There are a lot of these cases taking place. That’s a frequent kind of crime to occur in the military. But I think it does represent an underreporting. Actually studies indicate that the number could be unreported by as much as 15,000-20,000 a year. And, of course, this underreporting phenomenon is not unique in the military. The same issues come up in the civilian context as well, but certainly, given the context of the military environment, these crimes are particularly problematic and underreporting is also pretty problematic.
I’ve read some complaints and lawsuits – there’s an issue when people are trying to bring up these cases. Sometimes they’re not taken seriously.
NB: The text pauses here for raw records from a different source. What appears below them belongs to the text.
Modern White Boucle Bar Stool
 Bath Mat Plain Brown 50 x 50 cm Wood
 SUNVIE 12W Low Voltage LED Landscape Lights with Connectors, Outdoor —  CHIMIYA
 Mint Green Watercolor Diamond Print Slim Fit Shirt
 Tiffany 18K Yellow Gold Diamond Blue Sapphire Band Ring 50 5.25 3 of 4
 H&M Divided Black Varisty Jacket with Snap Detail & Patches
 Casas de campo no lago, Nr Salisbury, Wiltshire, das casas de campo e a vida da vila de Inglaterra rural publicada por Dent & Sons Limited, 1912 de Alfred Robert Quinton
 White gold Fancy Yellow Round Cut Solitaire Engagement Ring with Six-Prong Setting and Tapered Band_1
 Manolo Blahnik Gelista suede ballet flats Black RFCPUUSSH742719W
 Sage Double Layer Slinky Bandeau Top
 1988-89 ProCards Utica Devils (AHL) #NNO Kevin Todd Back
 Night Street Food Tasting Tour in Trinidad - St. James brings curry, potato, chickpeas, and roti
I’ve heard about cases in which a judge actually told the complaint that there were a lot of penalties for making a false accusation. How easy is it to actually bring up these cases?
The military is making it easier. But it’s hard. The problem with underreporting and failure to prosecute these cases appropriately occurs because there hasn’t been a lot of training for the appreciation of women. And it must be clear – when victims come forward, they don’t always find a very receptive ear, a much more skeptical ear perhaps than when they’re victims of other types of crimes. That’s why these cases are difficult and complicated to investigate and prosecute. I think it has been a traditional approach – to meet these allegations with some high degree of skepticism which obviously has a damping effect on the victims. They know that they’re going to be doubted. They think twice before bringing up these issues. I’ve got to say that for several years the military has tried to focus on this problem and to better train the criminal investigators, the prosecutors, the commanders who have to deal with these issues to be more sensitive to these concerns. But it’s an ongoing problem. Again, it’s not unique to the military. The problem arises in various contexts as well. At the police stations these cases are also met with skepticism, and it has the same effect on reporting. The military is trying to change things, but it’s not easy.
Do you get a sense that they’re making any progress in that regards?
I was at the conference a couple of weeks ago to discuss this issue. Some of the numbers show that they’ve got more reports than in previous years. That can’t be a good thing! But the military is saying that it is a good thing! They say that these crimes were happening in the past as well, but they weren’t being reported. So I think there’s some progress being made. Where I see the most progress, frankly, is once these cases are reported, the sophistication of investigators and prosecutors has improved. They go through better training, they bring in experts with experience to deal with this kind of issues. I think there’s been some progress made there, but I think there’s still a long way to go. And Lackland situation clearly demonstrates that the military is by no way close to solving this problem.